>>

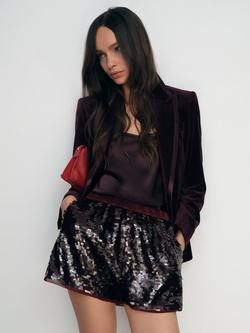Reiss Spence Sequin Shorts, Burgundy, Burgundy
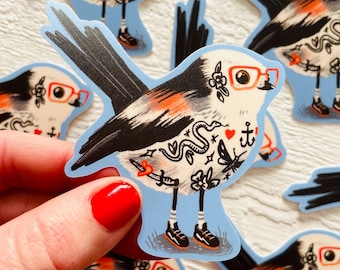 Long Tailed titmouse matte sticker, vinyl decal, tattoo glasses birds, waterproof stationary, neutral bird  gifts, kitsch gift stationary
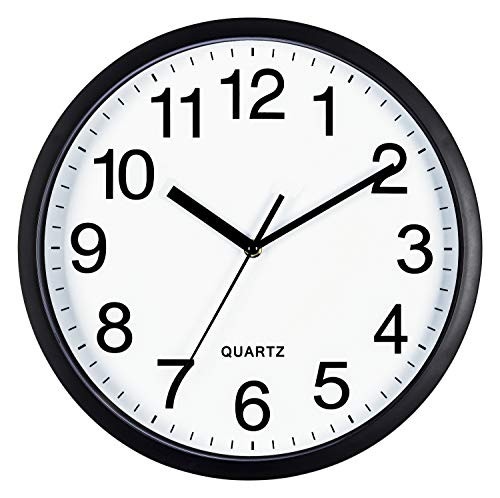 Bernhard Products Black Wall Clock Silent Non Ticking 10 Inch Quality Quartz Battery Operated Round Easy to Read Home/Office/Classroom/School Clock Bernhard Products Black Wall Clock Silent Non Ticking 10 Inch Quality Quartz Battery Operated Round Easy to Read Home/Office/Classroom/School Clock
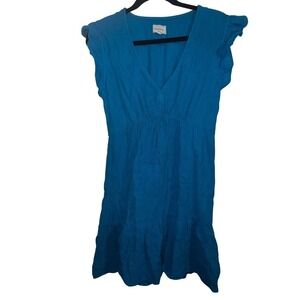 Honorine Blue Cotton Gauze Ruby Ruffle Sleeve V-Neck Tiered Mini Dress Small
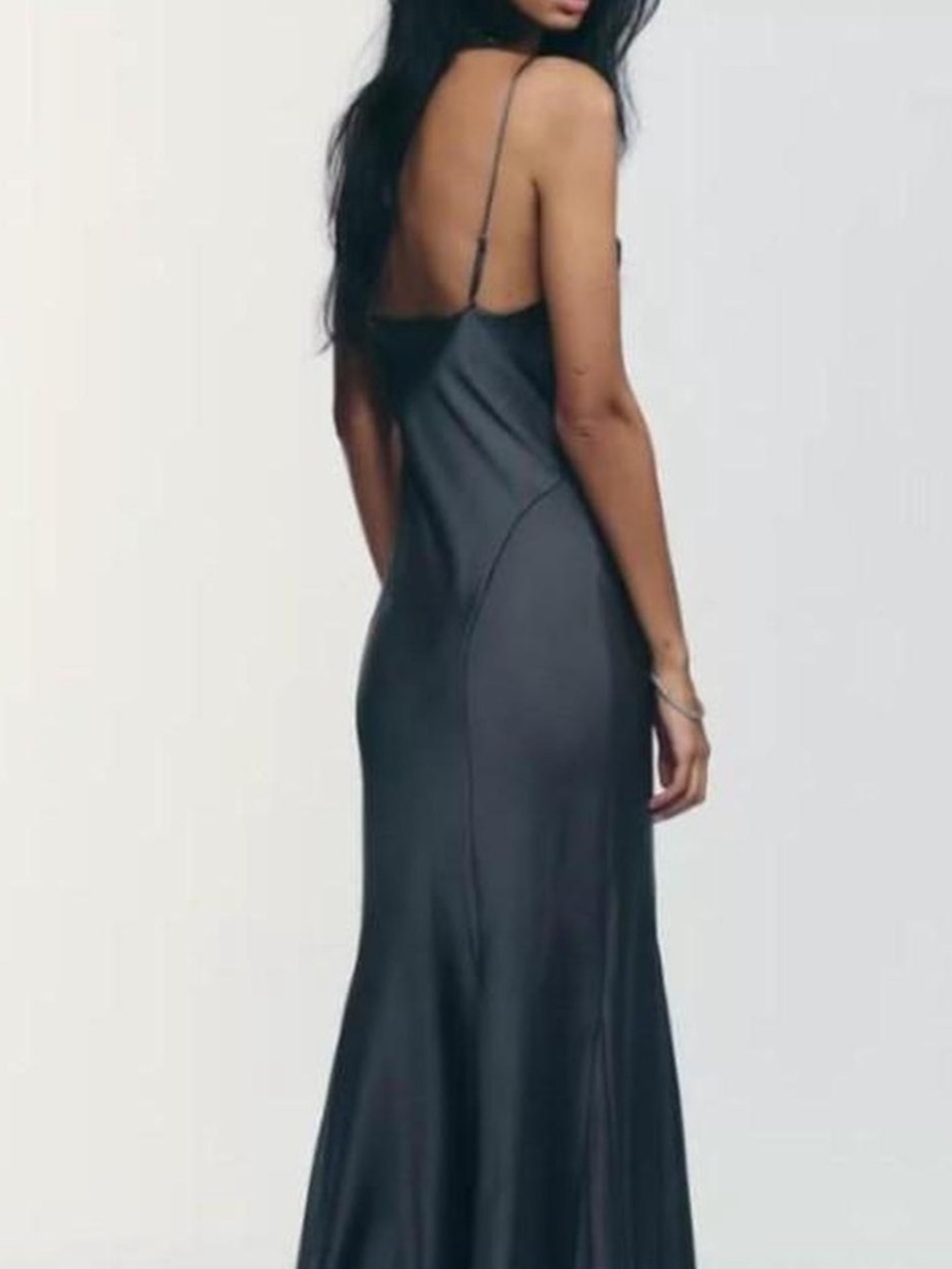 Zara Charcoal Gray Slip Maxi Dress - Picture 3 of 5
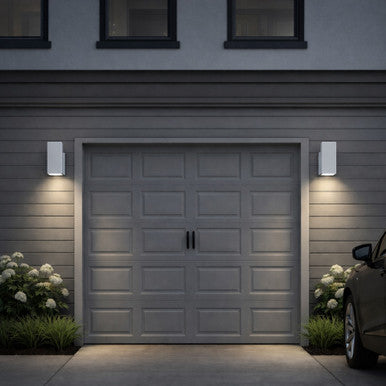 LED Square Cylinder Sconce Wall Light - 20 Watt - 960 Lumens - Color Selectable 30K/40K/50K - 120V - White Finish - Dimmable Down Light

<<

▶ TRY IT
Once the line with "Long Tailed titmouse" has been found above, output that line and every later line exactly, stopping after the line with "Home/Office/Classroom/School Clock Bernhard", and omit the pictures.

▶ SOLUTION TO THE PROBLEM
 Long Tailed titmouse matte sticker, vinyl decal, tattoo glasses birds, waterproof stationary, neutral bird  gifts, kitsch gift stationary
 Bernhard Products Black Wall Clock Silent Non Ticking 10 Inch Quality Quartz Battery Operated Round Easy to Read Home/Office/Classroom/School Clock Bernhard Products Black Wall Clock Silent Non Ticking 10 Inch Quality Quartz Battery Operated Round Easy to Read Home/Office/Classroom/School Clock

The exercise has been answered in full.